And my mom was in love with that.
Patricia's family knew they were lucky
to get the house on Baxter Street.
Okay, this is the American dream, right?
It's 1976 and we're buying a house with a yard,
and my mother even had him put in a white picket fence.
Oh, wow.
They bought it for $51,000
at a time when home prices in California
were just exploding.
By 1978, the average price of a single-family home
was around $70,000.
Two years later, it had already jumped to about $100,000.
By the 1990s, Patricia was an adult,
and she's married with her own family.
And she and her husband decided they wanted to buy a house
in the same neighborhood in Claremont.
We were trying to look for a house in that neighborhood,
and one of the houses it was selling was $117,000.
And we were like, $117,000?
That's a little bit outside of our price range.
At the time, it was a little too expensive for them.
So they came up with a plan.
They'd move out of state and live in a trailer for a few years,
just like Patricia's parents did.
And this would allow them to save enough money
so they could eventually move back to California and get a house.
We go to Pennsylvania.
While we're there for two years, the price on that $117,000 house
goes up to $162,000. But no matter how much money they saved, their savings just couldn't
keep pace with how home prices were rising in California. So you're basically moving around
the country to some extent to sort of try to get back to the California dream. Yes, exactly.
We were young and that's what we were trying to do.

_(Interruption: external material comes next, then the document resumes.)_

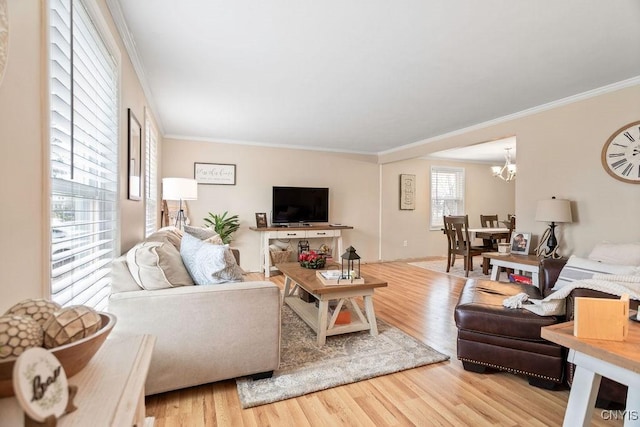 living area featuring crown molding, an inviting chandelier, and wood finished floors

So what was initially meant to be just a few years living out of state basically turns
into decades.
And at every juncture, she's really just sort of working towards this idea of owning a single
family home like her parents did.
Eventually, she ends up back in San Diego.

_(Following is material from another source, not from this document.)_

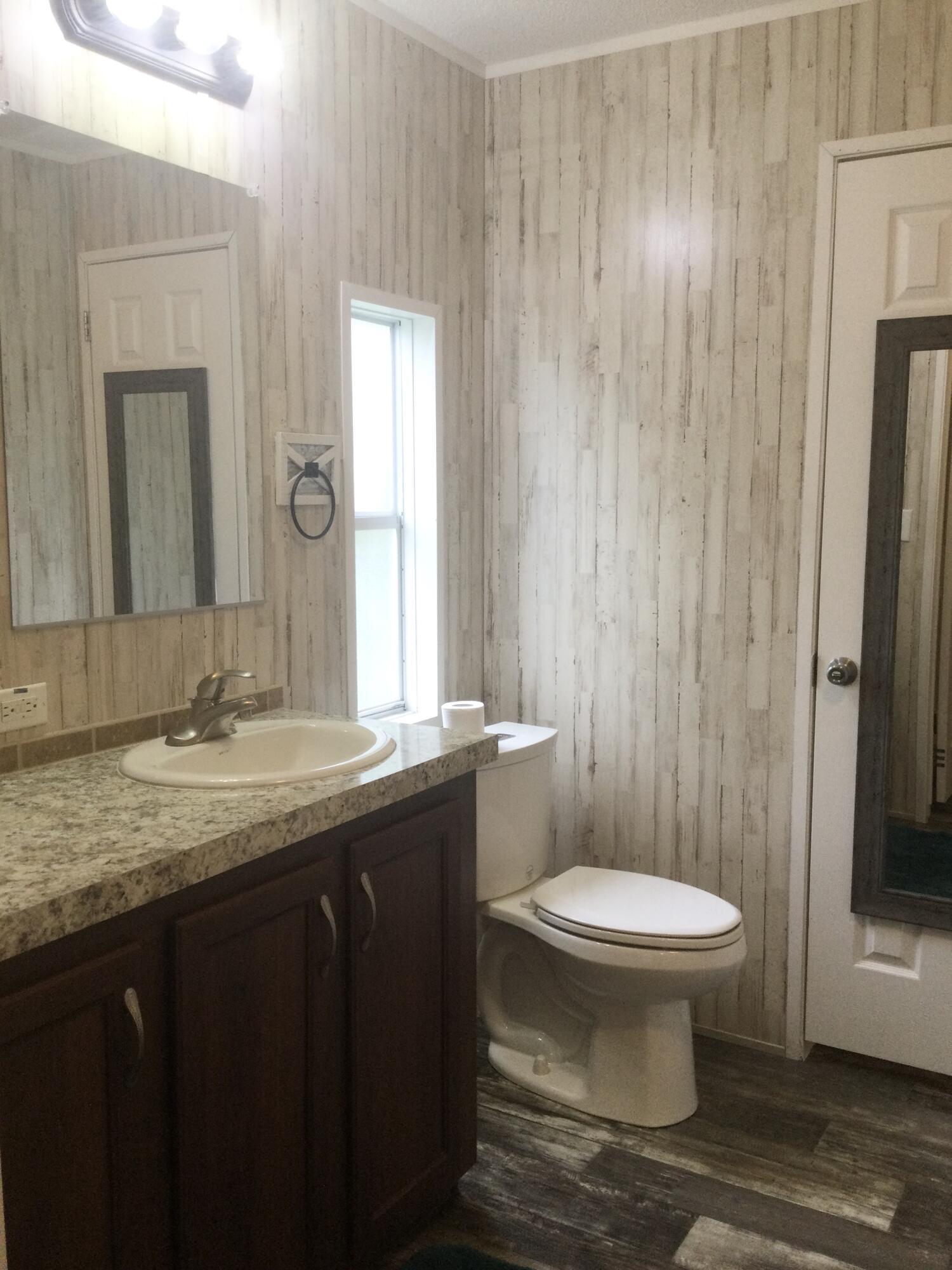 5000 Southeast Federal Highway, Unit 82 Stuart, FL 34997 - Photo 14 of 22 a bathroom with a granite countertop toilet a sink and a mirror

But it's not because she finally saved up
enough money for a house.
It's because her dad got sick.
My father lived there until the day he died,
which was in November of 2019.
When Patricia's father died,
she inherited 5120 Baxter Street.
And at first, it seemed like
a bittersweet blessing.
She could keep the home and the family.
But by this point...
The house is starting to have some problems. The roof keep the home and the family. But by this point, the house is starting
to have some problems, like the roof needed to be redone completely. The house is 60 years old.
It's worn down a little bit, and Patricia didn't have enough money to repair it and make it livable.
My children, I had three of them, they would not have been able to financially get independent and
purchase their own home.
And as she looked around, she could see that the cost of living in California is now way
beyond what it was when she first left.
We looked at every possible outcome, and we were like, given the condition of the problem...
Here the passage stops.